International expertise and visiting scholars
3 June 2019
NICM continues to welcome and support visiting international scholars to participate in collaborative projects focused on complementary and integrative medicines. In 2019, NICM has welcomed to date academics from China, United States and Iran.
- Professor Tariq, a NICM Adjunct Professor received training in pharmacology from All India Institute of Medical Sciences, New Delhi, he served as a member of the Faculty of Medicine at Aligarh Muslim University Aligarh India and later as Professor of Pharmacology at King Saud University Riyadh Saudi Arabia. In addition to his active involvement in undergraduate and postgraduate teaching program, Professor Tariq participated in numerous research projects to study safety, efficacy and quality control of herbal drugs used in Indian and Arabic Traditional Medicine. He also undertook numerous research projects pertaining to pharmacokinetics, drug interaction and bioavailability of drugs. Professor Tariq has published more than 300 research papers, has served on review panels and also the editorial board of several medical journals. His research interests include herbal pharmacology, diabetes, neuropharmacology, drug safety, quality control, bioavailability and targeted drug delivery. Professor Tariq will be involved in a range of research activities within NICM including pharmacological and clinical studies of Bush Medicine, Ayurvedic and Arabic Medicine.
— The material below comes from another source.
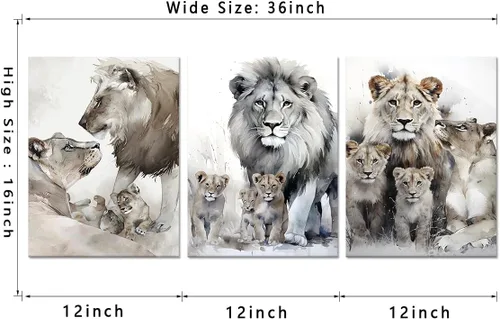 Miniatura 5 de 3 piezas modernas de lienzo de león de animales salvajes, pinturas de retratos de familia de leones, decoración de pared, obras de arte de sala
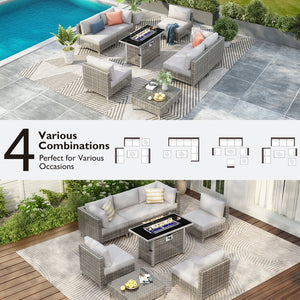 English Elm K&K 8-Piece Patio Conversation Set with 43" 60,000 BTU Propane Fire Pit, UV Wicker & Thick Cushions Grey N707S000012G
- Associate Professors Wenzhen Yu and Yanfang Zheng join NICM as visiting scholars from Fujian University of Chinese Medicine. They are supported by both their home institutions and provincial government, and the Dr Gary Lam Visiting Fellowship. Associate Professor Yu research interests include Chinese Medicine, pharmacology and diabetes and she has received support from the Natural Science Foundation of China and Fujian Provincial Science and Technology Foundation. Associate Professor Yanfang (Jenny) Zheng research interests include the mechanism of Chinese medicine’s prevention and treatment effects on diabetic encephalopathy based on the microbiota-gut-brain axis. Her research has also been supported by Natural Science Foundation of China and Fujian Provincial Science and Technology Foundation. During their stay they will be working principally in the NICM laboratories, and are contributing to research within NICM’s Healthy Hearts and Healthy Minds
- Dr Zahra Ayati is a visiting scholar from Mashhad University of Medical Sciences, in Iran. She is finalising her PhD studies and has a research interests in Persian Traditional Medicine, pharmacognosy, phytotherapy, herbal cosmetic formulation and tablet formulation which has been resulted in six papers published in the relevant journals. Dr Ayati is also working towards bringing ancient Traditional Persian Medicine literature into today’s scientific audience and is translating ancient Arabic and Persian manuscripts into English. She is a visiting scholar within NICM’s Healthy Hearts and Healthy Minds program and has been participating in various in research activities.
- Nikita Roy joins NICM and THRI as a graduate Fulbright Scholar from the University of Connecticut undertaking a Master of Public Health. She will be working closely with Dr Gen Steiner on our mild cognitive impairment studies and also running her own project exploring the neuroplastic mechanisms of Brain Derived Neurotrophic Factor (BDNF) in cognitive decline and Alzheimer’s disease. Nikita will use her Fulbright Scholarship to study the association between a genetic polymorphism and cognitive function in humans. This work explores the role of neuroplasticity in dementia and other forms of cognitive decline. Her hope is that this work will advance clinical research surrounding early detection and prevention of neurodegenerative disease. Nikita also looks forward to gaining insight on the Australian healthcare system and practices, and to bringing what she has learned back to the United States to aid in her future practice of medicine. She believes that a brighter future for American healthcare can be shaped by cross-cultural collaboration with other developed nations.